The course of the jet stream makes the Pacific Northwest the front line for East Asian pollution on the West Coast.
Meteorologists have observed the smoke of the last two weeks from British Columbia down to Oregon, where Jaffe has monitored it from his research station on Mount Bachelor, near Bend.
It takes about seven to 10 days, said Eric Taylor, an air-quality meteorologist with the Ministry of Environment in British Columbia, which has also seen smoky skies recently.
Smoke, dust and other pollutants from across the Pacific don’t usually make it too far inland.
“A lot of this stuff is taken out by the Cascades and the Rockies,” Mass said.
The haze in British Columbia has mostly affected the coastal area near Vancouver, but some pollutants have made it across the mountains into the province’s interior.
“It seems that this smoke bloom from Siberia also carried with it a lot of ozone,” Taylor said.

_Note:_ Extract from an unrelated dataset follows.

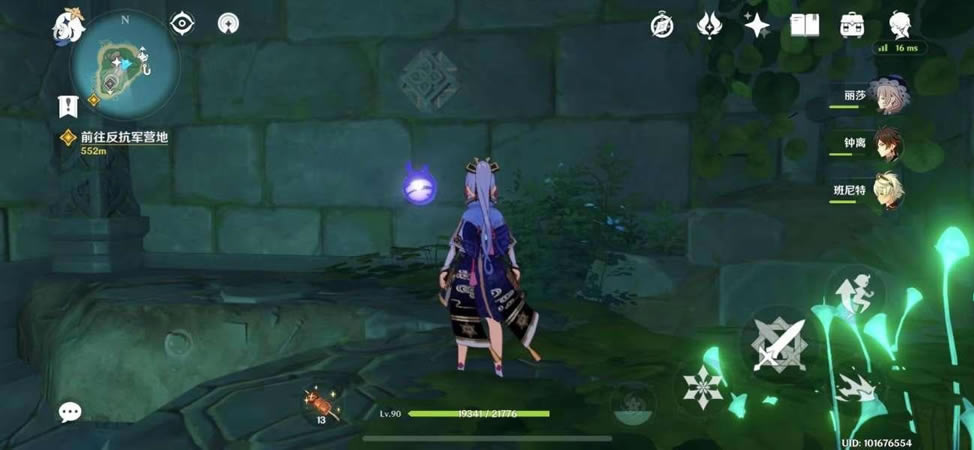 ԭ��ˮ�³��ؾ��������� ����լۡ�ɾ͹���_��վ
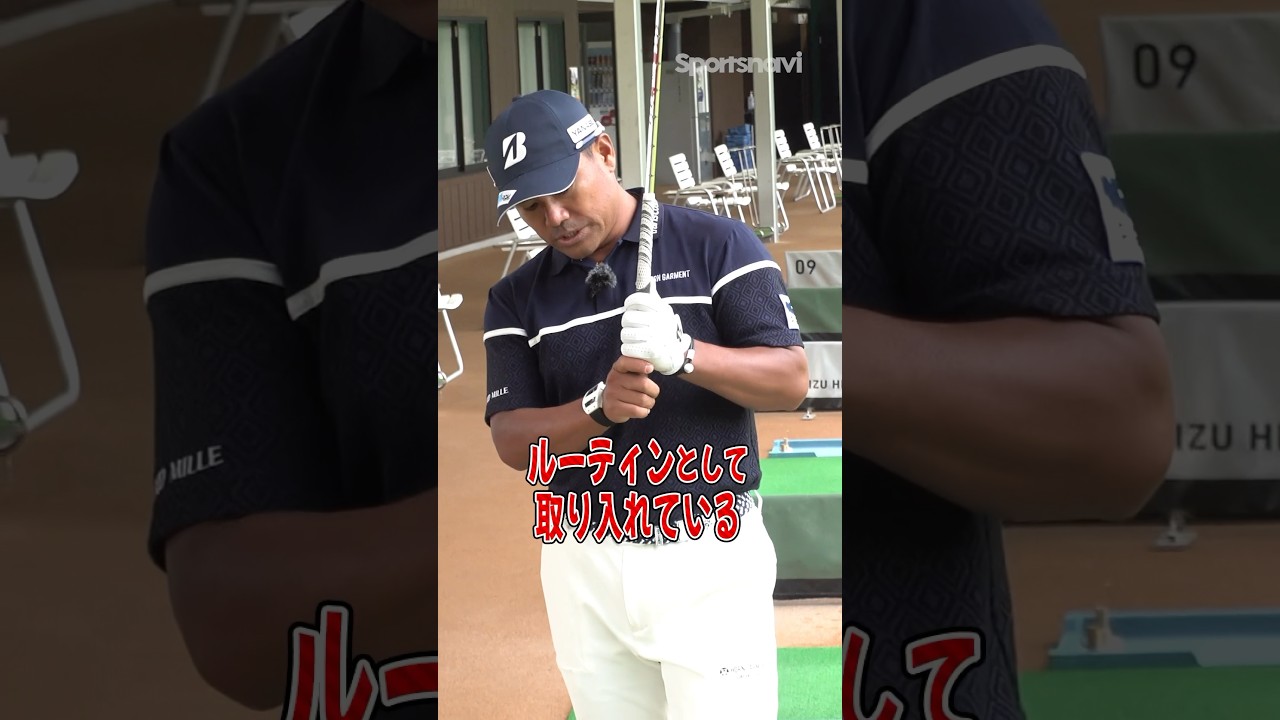 アイアンのミート率が上がる!!宮里プロが今もやってるルーティン練習術#ゴルフ #ゴルフ練習法 #アイアン #宮里優作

Air quality, however has remained normal in the Seattle area, Phil Schwartzendruber, an air-resources specialist with the Puget Sound Clean Air Agency, told the Times.
Fireworks on the Fourth of July in some Seattle neighborhoods hurt the air quality more than the smoke has, he said.
Low-pressure systems and rainy days would help combat the smoke, but it could return as long as the fires continue to rage.